Let $(a,b)$ be any pair such that $||v(a,b,.)|| \leq \mu $. Then
$$
F(a,b,\alpha) \geq -\mu, \ F(a,b,\frac{1}{2}) \leq \mu, \ F(a,b,1-\alpha) \geq -\mu \tag{6}
$$
Those three inequalities alone will suffice to force $(a,b)=(\theta,\theta)$, showing 
optimality and unicity. Indeed, consider in the plane points $A,B,C,S$ with the following 
coordinates :
$$
A(-\frac{1}{\alpha},-\frac{1}{1-\alpha}), \ B(-2,-2), \ C(-\frac{1}{1-\alpha},-\frac{1}{\alpha}), \
S(\theta,\theta)
$$
Also, consider the disk $D_A$ with center $A$ and radius $\frac{\sqrt{\mu}}{\alpha(1-\alpha)}$,
the disk $D_B$ with center $B$ and radius $4\sqrt{1+\mu})$, and the disk $D_C$ with 
center $C$ and radius $\frac{\sqrt{\mu}}{\alpha(1-\alpha)}$.
Then a pair $(a,b)$ satisfies (6) iff the point with such coordinates is inside $D_C$
  but outside $D_A$ and $D_B$. The figure below shows that $S$ is the only such point, qed. 

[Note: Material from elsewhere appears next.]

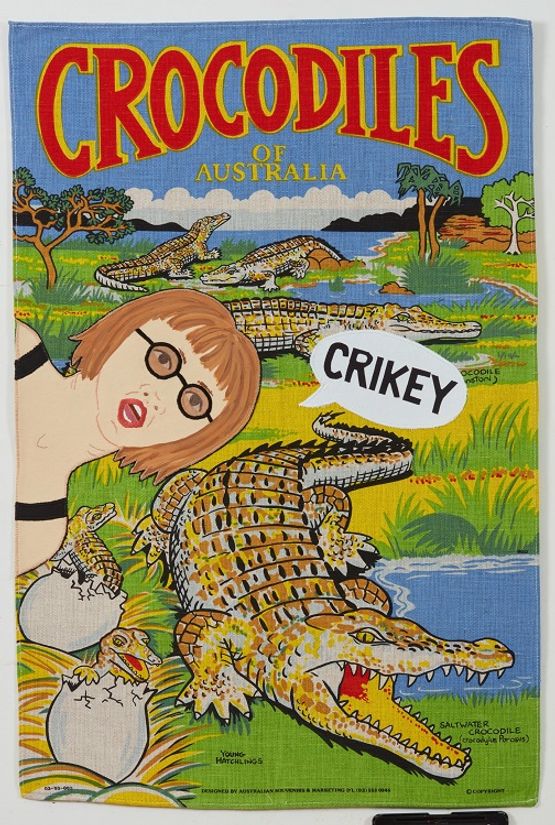 Crikey by Adrienne Doig contemporary artwork Painting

A: Maybe you can get your answer here:
https://www.jimherold.com/computer-science/best-fit-bezier-curve
http://www.google.com.br/url?sa=t&rct=j&q=Optimal+fitting+bezier+curves&source=web&cd=1&cad=rja&ved=0CCsQFjAA&url=https%3A%2F%2Fece.uwaterloo.ca%2F~dwharder%2FMaplesque%2FBezier%2FBestFittingBezierCurves.ppt&ei=tnXxUK_UDZOe8gTko4H4Cw&usg=AFQjCNFfkMNXviJSzFCBIqbTL3EWZcgTpA
http://www.google.com.br/url?sa=t&rct=j&q=Optimal+fitting+bezier+curves&source=web&cd=9&cad=rja&ved=0CGkQFjAI&url=http%3A%2F%2Fwww.dtic.mil%2Fcgi-bin%2FGetTRDoc%3FAD%3DADA350611&ei=tnXxUK_UDZOe8gTko4H4Cw&usg=AFQjCNGW_AP5QddfGugn_5WzoIUDIMJ7ng
A: As a start, there is the well-known rational exact fit of
$(2t/(1+t^2), (1-t^2)/(1+t^2)$.
(Because $(2t)^2 + (1-t^2)^2
= 4t^2 + 1 - 2t^2 + t^4
= 1 + 2t^2 + t^4
= (1+t^2)^2$).
If you write
$1/(1+t^2) = 1-t^2+t^4 ...\pm t^{2k} ...$,
you can get an initial polynomial approximation.